Leave out the pictures and set down the rest of the listing below word for word.

_Provided material:_
════════════════════

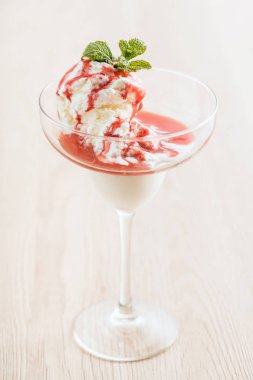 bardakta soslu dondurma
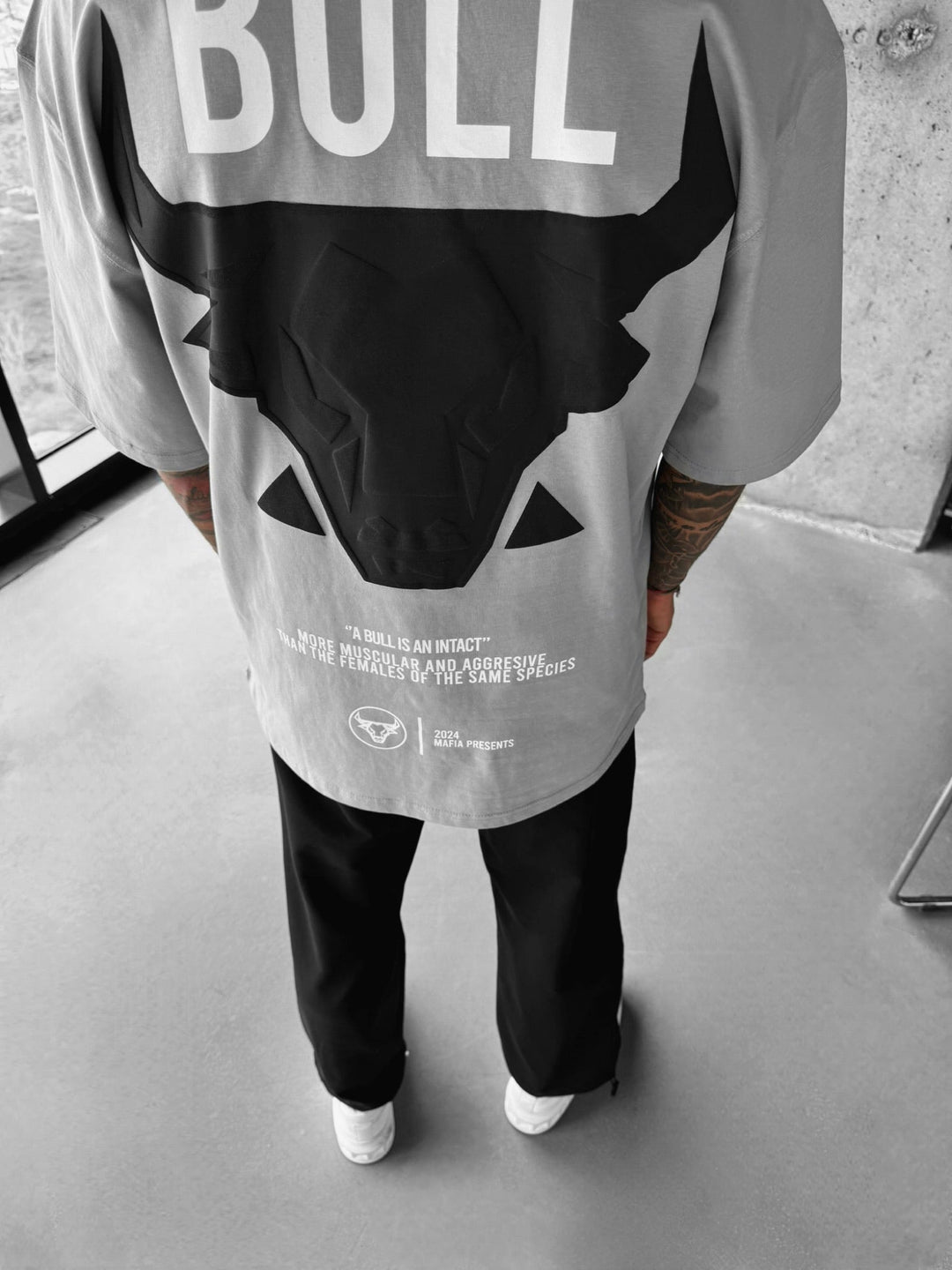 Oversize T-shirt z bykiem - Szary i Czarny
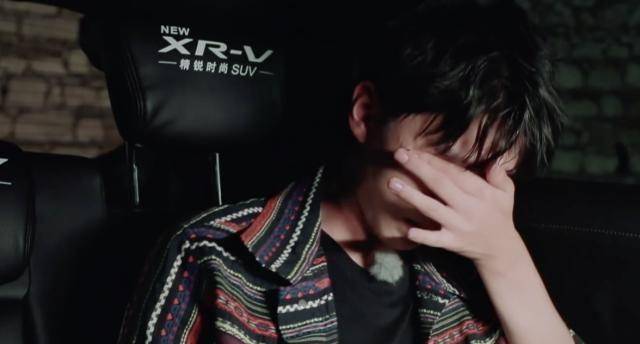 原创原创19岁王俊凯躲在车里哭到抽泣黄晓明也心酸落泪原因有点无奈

════════════════════

_Result of this exercise:_
 bardakta soslu dondurma
 Oversize T-shirt z bykiem - Szary i Czarny
 原创原创19岁王俊凯躲在车里哭到抽泣黄晓明也心酸落泪原因有点无奈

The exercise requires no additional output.